O outro filme programado de Kasdan é O Turista Acidental, que reúne de novo Hurt e Turner, mas num contexto em tudo diferente de Body Heat. O seu protagonista emocionalmente alheado – um escritor de guias de viagem para quem não gosta de viajar – contém aquele laconismo tristonho de que só Hurt parecia ser capaz, sugerindo uma imensidão de vida
interior com gestos mínimos. Esta é uma personagem cujo casamento não resiste à morte trágica de um filho, mas com direito a uma segunda oportunidade (Geena Davis, em modo excêntrico). É também em O Turista Acidental que encontramos um dos cães mais especiais do cinema americano, nada a ver com o de Os Olhos da Testemunha (1981), que se atira ao dono com uma agressividade ensaiada. Este título, do britânico Peter Yates, surge no ciclo como uma raridade, sendo um dos papéis favoritos do próprio Hurt, apesar de modesto: um zelador de um prédio caidinho por uma pivô da televisão local (Sigourney Weaver), que depois de um assassínio nesse edifício chega à fala com ela...

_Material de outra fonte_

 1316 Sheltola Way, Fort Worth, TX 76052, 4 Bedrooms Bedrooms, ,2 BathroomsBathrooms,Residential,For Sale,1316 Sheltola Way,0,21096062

E por falar em pivôs, Broadcast News, ou Edição Especial, traz mais um dos grandes momentos do ator, ao lado de Holly Hunter e Albert Brooks, numa afinadíssima reflexão, mascarada de comédia romântica, sobre a ética jornalística quando se passa a fronteira da informação séria para tocar o entretenimento televisivo. Ainda dos anos 80 não podia faltar O Beijo da Mulher-Aranha. Mesmo não sendo um filme que envelheceu bem, é inequivocamente uma interpretação antológica de Hurt (a do Óscar) na pele de um amável prisioneiro gay que conta histórias – recriadas como películas antigas – ao seu companheiro de cela (Raul Julia), um preso político com pouca paciência para romantismos mas que acaba envolvido pela sensibilidade do narrador. Antes deste, William Hurt foi um inspetor da polícia russo em O Mistério de Gorky Park (1983), de Michael Apted, filmado numa falsa Moscovo (ou seja, Helsínquia), por impedimento do governo do Kremlin, que não alinhou com um retrato de corrupção do KGB – terá a sua primeira exibição na Cinemateca. As cartas fora do baralho dos eighties são duas. Por um lado,
Smoke – Fumo (1995), de Wayne Wang, um belo objeto independente que reúne personagens de Paul Auster à volta de uma tabacaria em Brooklyn, com Hurt a dar a gravidade e empatia necessárias a um romancista de luto; figura como uma pequena pérola dos seus papéis secundários na fase mais apagada da carreira. Por outro, e num registo radicalmente distinto, Uma História de Violência (2005), obra-prima de David Cronenberg que conta com oito minutos de uma performance genial de Hurt enquanto líder criminoso com ânsias de estrangular o irmão. Valeu-lhe uma última nomeação para o Óscar.
Foi no início dos anos 90 que a carreira deste outrora estudante de Teologia, formado em Interpretação na Juilliard School, começou a perder o gás. E parte dessa desaceleração pode estar ligada à rápida ascensão. “No instante em que me deram o Óscar, pensei: raios, o que é que faço agora?”